A great shout-out to the humanities and the arts as the discipline that animates the world. It reminds me of the sort of crypto-animism that informs Foucault’s notion of critique, which “would try not to judge but to bring an oeuvre, a book, a sentence, an idea to life” (Foucault 323).
What Sloterdijk is after with his media or communications theory and his techno-ontology is a theory of intimacy, of solidarity, of a subjectivity that does not take place outside of relations between two entities at the very least. The figure of the human being as an empty vessel provides a vehicle for Sloterdijk to speak about inspiration as an originary resonance and mutual augmentation, according to which “the originator does not preexist the pneumatic work, but creates himself synchronously with it as the intimate counterpart of one like himself. . . . Once set up, the canal of animation between Adam and his Lord, filled with endless double echo games, can only be understood as a two-way system” (40-41). Sloterdijk’s sphereology as media theory adheres to an ontology of the event, the happening, transductive or emergent relations, becomings-with. While he is concerned, in the first and last instances, with human relations, his approach is as anthropo-eccentric and object-oriented as you can get, since “anyone who presumes to speak of humans without mentioning their inspirators and intensifiers, of their media, which amount to the same, has missed the topic through their very approach” (42).

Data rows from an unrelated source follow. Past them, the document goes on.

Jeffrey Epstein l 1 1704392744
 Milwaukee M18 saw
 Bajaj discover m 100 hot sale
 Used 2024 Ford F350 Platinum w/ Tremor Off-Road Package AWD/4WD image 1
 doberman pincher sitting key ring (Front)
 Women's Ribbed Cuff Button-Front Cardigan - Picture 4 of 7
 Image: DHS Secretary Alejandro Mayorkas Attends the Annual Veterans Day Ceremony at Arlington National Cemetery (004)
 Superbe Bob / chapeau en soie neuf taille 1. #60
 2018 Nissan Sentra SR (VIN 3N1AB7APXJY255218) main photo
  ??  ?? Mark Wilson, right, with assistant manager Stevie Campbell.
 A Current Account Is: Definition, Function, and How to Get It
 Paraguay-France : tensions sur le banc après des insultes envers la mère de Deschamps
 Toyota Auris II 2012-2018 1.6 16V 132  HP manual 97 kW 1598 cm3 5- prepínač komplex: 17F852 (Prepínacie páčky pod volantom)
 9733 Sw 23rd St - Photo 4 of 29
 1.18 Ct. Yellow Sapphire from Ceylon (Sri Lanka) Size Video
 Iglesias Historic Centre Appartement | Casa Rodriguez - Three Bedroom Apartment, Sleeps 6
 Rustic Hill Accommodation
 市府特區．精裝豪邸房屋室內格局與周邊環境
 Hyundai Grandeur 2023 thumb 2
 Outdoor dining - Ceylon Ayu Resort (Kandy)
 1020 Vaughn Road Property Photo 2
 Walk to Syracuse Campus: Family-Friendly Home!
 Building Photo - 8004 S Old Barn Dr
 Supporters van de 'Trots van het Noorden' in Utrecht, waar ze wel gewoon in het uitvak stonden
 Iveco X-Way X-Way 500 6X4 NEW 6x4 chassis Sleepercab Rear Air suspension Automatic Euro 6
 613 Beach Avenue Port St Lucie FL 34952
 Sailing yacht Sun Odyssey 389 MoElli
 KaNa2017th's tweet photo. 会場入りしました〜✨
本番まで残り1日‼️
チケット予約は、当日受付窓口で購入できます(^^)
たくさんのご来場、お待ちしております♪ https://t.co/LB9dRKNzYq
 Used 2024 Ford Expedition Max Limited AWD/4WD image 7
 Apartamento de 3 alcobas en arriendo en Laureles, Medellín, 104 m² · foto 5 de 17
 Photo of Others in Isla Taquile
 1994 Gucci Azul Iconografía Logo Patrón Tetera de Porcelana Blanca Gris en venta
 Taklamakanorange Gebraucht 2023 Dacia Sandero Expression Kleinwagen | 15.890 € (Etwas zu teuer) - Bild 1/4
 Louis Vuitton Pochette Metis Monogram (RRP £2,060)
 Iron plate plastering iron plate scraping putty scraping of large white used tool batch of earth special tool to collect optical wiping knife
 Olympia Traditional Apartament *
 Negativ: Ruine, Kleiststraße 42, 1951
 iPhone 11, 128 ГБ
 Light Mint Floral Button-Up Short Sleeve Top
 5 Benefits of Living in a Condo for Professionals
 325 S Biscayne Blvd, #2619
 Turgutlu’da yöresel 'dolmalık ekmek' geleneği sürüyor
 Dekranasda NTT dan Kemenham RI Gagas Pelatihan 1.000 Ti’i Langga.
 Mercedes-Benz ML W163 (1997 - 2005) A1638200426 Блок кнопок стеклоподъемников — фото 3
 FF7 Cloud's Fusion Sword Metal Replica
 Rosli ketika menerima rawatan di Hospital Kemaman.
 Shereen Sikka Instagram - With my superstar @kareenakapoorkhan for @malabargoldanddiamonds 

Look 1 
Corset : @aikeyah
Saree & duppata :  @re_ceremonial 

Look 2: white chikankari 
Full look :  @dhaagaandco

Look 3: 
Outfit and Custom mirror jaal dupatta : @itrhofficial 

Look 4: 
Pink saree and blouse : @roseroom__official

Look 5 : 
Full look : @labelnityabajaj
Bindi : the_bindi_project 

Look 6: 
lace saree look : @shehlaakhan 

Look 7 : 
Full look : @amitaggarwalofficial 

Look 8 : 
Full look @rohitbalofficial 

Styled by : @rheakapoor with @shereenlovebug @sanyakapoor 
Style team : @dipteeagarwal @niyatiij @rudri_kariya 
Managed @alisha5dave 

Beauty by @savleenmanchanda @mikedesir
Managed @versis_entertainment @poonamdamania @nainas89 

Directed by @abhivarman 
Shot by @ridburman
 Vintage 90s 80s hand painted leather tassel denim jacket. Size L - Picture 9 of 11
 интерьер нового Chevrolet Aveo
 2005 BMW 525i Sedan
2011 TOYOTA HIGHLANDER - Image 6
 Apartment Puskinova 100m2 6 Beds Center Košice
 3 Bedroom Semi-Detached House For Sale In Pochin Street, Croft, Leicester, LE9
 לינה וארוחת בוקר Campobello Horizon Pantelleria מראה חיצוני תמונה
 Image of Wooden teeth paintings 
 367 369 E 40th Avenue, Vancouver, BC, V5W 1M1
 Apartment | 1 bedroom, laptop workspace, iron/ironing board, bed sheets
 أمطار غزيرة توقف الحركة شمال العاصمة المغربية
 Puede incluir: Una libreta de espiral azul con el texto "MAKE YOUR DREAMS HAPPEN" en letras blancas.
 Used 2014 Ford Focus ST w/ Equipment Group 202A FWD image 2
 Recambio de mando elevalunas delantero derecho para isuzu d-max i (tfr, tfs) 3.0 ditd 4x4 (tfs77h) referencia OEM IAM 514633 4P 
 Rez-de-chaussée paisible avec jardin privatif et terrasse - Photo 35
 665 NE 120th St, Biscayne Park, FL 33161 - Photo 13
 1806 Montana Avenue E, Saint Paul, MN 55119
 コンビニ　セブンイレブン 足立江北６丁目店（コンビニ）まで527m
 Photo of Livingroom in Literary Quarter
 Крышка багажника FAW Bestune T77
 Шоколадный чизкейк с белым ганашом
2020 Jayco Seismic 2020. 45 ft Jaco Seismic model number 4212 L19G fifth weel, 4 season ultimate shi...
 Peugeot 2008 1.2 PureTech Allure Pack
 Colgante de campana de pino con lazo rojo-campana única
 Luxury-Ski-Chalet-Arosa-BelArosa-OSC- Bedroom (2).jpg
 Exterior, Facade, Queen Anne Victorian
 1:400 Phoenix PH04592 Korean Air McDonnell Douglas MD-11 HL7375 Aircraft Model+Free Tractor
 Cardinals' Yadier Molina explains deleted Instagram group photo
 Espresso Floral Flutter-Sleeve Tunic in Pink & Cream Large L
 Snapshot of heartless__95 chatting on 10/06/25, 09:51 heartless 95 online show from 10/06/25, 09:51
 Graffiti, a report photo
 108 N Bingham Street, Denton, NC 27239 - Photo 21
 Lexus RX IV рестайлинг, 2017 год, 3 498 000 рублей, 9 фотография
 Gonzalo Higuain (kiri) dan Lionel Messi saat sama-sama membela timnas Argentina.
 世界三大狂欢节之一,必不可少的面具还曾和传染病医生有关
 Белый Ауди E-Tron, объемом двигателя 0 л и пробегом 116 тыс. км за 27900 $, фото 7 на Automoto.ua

In some ways, the notion of the partners who do not precede the partnership is a bit of a well-trodden conceit—though by no means do I feel it is one that does not require continuous emphasis in a culture where privatization, of the individual and of the species, is so destructively hegemonic. Since Heidegger at the very least, being of all kinds has been a Mitsein and a Mitgang, a being-with and a going-along-with that is also a Mitteilung—communication as a sharing (and dividing) among. Entities are insofar as they are together. What Sloterdijk asks after is perhaps unabashedly metaphysical, i.e., “The strong reason for being together is still awaiting an adequate interpretation” (45). Why is existence a matter of resonance? I have not returned to Sloterdijk’s work carefully enough to adequately paraphrase his own interpretations as to what lies behind the ontological necessity for intimacy. I am also anxiously awaiting the following two volumes of the Spheres trilogy. Nevertheless, the urgency for such an interpretation is clear, insofar as we live, Sloterdijk claims, in an “age whose main tenor is that deanimation has an insurmountable lead over reanimation” (75). This is, ultimately, a matter of bioethics in the most profound sense.
I think that the metaceramics of Gormley’s FIELD project suggests that the stakes involved are nothing less than consciousness. The hundreds of thousands of clay figures stare back at us, secretly conscious of our actions. They wordlessly bear witness to our responsibilities, and demand us to do the same, an ethical injunction to know together with the earth.
Foucault, Michel. “What Is Enlightenment?” Ethics: Subjectivity and Truth. Ed. Paul Rainbow.New York: The New Press, 1997. 303-19. Print.
Sloterdijk, Peter. Spheres Volume 1: Bubbles: Microspherology. Trans. William Hoban. Los Angeles: Semiotext(e), 2011. Print.